## Requirement
Transcribe all of the entries, matching each one exactly.

## Input data

..............................

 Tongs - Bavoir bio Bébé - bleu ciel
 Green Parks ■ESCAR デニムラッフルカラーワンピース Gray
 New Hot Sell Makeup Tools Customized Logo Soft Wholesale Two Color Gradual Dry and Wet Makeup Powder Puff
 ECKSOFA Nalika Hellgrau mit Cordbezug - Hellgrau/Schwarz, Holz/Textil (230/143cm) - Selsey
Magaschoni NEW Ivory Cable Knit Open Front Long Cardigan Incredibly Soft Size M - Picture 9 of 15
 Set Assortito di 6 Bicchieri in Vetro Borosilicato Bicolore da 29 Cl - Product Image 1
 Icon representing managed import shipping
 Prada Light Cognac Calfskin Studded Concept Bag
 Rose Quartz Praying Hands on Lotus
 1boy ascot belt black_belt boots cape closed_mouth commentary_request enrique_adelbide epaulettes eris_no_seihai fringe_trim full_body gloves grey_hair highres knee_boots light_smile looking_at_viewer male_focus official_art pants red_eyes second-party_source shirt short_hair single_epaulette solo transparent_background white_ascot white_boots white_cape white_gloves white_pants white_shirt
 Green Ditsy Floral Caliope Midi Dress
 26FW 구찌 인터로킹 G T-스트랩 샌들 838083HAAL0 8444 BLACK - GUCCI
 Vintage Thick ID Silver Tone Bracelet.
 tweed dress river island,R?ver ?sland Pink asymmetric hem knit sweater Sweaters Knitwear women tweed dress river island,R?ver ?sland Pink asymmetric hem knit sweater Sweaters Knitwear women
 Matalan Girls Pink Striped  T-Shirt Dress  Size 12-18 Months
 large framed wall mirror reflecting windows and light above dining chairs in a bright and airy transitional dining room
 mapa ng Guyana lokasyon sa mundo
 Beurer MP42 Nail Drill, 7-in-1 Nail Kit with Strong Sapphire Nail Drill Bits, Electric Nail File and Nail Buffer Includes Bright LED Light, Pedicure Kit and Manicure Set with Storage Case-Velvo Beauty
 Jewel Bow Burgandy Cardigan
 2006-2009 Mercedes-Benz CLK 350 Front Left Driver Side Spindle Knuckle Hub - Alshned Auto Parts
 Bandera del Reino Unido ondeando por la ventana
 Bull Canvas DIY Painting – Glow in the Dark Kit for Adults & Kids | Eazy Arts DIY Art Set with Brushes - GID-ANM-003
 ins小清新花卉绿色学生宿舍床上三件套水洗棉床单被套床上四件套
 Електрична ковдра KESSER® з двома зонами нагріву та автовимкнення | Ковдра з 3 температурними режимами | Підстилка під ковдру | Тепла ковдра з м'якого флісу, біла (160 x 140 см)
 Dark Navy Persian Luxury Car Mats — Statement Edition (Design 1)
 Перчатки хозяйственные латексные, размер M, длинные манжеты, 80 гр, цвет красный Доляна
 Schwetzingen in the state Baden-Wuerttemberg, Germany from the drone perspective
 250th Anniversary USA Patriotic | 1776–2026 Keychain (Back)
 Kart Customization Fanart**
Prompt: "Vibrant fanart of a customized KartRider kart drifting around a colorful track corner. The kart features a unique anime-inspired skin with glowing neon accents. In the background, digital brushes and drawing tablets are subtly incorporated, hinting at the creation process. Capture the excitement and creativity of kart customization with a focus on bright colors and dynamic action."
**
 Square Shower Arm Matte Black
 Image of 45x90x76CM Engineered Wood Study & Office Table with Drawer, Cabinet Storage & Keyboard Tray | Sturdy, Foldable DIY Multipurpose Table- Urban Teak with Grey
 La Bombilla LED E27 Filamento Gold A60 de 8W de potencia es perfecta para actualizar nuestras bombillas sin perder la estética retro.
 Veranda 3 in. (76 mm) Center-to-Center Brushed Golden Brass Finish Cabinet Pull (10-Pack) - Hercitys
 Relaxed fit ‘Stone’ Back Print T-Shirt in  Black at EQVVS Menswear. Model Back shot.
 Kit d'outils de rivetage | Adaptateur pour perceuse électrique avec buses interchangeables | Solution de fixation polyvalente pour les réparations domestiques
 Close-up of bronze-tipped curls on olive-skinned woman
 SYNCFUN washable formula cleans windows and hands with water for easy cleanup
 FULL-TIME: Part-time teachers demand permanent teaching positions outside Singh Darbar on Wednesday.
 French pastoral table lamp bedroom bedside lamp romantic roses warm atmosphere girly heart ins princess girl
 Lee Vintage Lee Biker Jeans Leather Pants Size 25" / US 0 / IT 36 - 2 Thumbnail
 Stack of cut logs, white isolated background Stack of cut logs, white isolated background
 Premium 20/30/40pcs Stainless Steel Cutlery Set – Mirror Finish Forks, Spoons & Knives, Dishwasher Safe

..............................

## Task solution
 Tongs - Bavoir bio Bébé - bleu ciel
 Green Parks ■ESCAR デニムラッフルカラーワンピース Gray
 New Hot Sell Makeup Tools Customized Logo Soft Wholesale Two Color Gradual Dry and Wet Makeup Powder Puff
 ECKSOFA Nalika Hellgrau mit Cordbezug - Hellgrau/Schwarz, Holz/Textil (230/143cm) - Selsey
Magaschoni NEW Ivory Cable Knit Open Front Long Cardigan Incredibly Soft Size M - Picture 9 of 15
 Set Assortito di 6 Bicchieri in Vetro Borosilicato Bicolore da 29 Cl - Product Image 1
 Icon representing managed import shipping
 Prada Light Cognac Calfskin Studded Concept Bag
 Rose Quartz Praying Hands on Lotus
 1boy ascot belt black_belt boots cape closed_mouth commentary_request enrique_adelbide epaulettes eris_no_seihai fringe_trim full_body gloves grey_hair highres knee_boots light_smile looking_at_viewer male_focus official_art pants red_eyes second-party_source shirt short_hair single_epaulette solo transparent_background white_ascot white_boots white_cape white_gloves white_pants white_shirt
 Green Ditsy Floral Caliope Midi Dress
 26FW 구찌 인터로킹 G T-스트랩 샌들 838083HAAL0 8444 BLACK - GUCCI
 Vintage Thick ID Silver Tone Bracelet.
 tweed dress river island,R?ver ?sland Pink asymmetric hem knit sweater Sweaters Knitwear women tweed dress river island,R?ver ?sland Pink asymmetric hem knit sweater Sweaters Knitwear women
 Matalan Girls Pink Striped  T-Shirt Dress  Size 12-18 Months
 large framed wall mirror reflecting windows and light above dining chairs in a bright and airy transitional dining room
 mapa ng Guyana lokasyon sa mundo
 Beurer MP42 Nail Drill, 7-in-1 Nail Kit with Strong Sapphire Nail Drill Bits, Electric Nail File and Nail Buffer Includes Bright LED Light, Pedicure Kit and Manicure Set with Storage Case-Velvo Beauty
 Jewel Bow Burgandy Cardigan
 2006-2009 Mercedes-Benz CLK 350 Front Left Driver Side Spindle Knuckle Hub - Alshned Auto Parts
 Bandera del Reino Unido ondeando por la ventana
 Bull Canvas DIY Painting – Glow in the Dark Kit for Adults & Kids | Eazy Arts DIY Art Set with Brushes - GID-ANM-003
 ins小清新花卉绿色学生宿舍床上三件套水洗棉床单被套床上四件套
 Електрична ковдра KESSER® з двома зонами нагріву та автовимкнення | Ковдра з 3 температурними режимами | Підстилка під ковдру | Тепла ковдра з м'якого флісу, біла (160 x 140 см)
 Dark Navy Persian Luxury Car Mats — Statement Edition (Design 1)
 Перчатки хозяйственные латексные, размер M, длинные манжеты, 80 гр, цвет красный Доляна
 Schwetzingen in the state Baden-Wuerttemberg, Germany from the drone perspective
 250th Anniversary USA Patriotic | 1776–2026 Keychain (Back)
 Kart Customization Fanart**
Prompt: "Vibrant fanart of a customized KartRider kart drifting around a colorful track corner. The kart features a unique anime-inspired skin with glowing neon accents. In the background, digital brushes and drawing tablets are subtly incorporated, hinting at the creation process. Capture the excitement and creativity of kart customization with a focus on bright colors and dynamic action."
**
 Square Shower Arm Matte Black
 Image of 45x90x76CM Engineered Wood Study & Office Table with Drawer, Cabinet Storage & Keyboard Tray | Sturdy, Foldable DIY Multipurpose Table- Urban Teak with Grey
 La Bombilla LED E27 Filamento Gold A60 de 8W de potencia es perfecta para actualizar nuestras bombillas sin perder la estética retro.
 Veranda 3 in. (76 mm) Center-to-Center Brushed Golden Brass Finish Cabinet Pull (10-Pack) - Hercitys
 Relaxed fit ‘Stone’ Back Print T-Shirt in  Black at EQVVS Menswear. Model Back shot.
 Kit d'outils de rivetage | Adaptateur pour perceuse électrique avec buses interchangeables | Solution de fixation polyvalente pour les réparations domestiques
 Close-up of bronze-tipped curls on olive-skinned woman
 SYNCFUN washable formula cleans windows and hands with water for easy cleanup
 FULL-TIME: Part-time teachers demand permanent teaching positions outside Singh Darbar on Wednesday.
 French pastoral table lamp bedroom bedside lamp romantic roses warm atmosphere girly heart ins princess girl
 Lee Vintage Lee Biker Jeans Leather Pants Size 25" / US 0 / IT 36 - 2 Thumbnail
 Stack of cut logs, white isolated background Stack of cut logs, white isolated background
 Premium 20/30/40pcs Stainless Steel Cutlery Set – Mirror Finish Forks, Spoons & Knives, Dishwasher Safe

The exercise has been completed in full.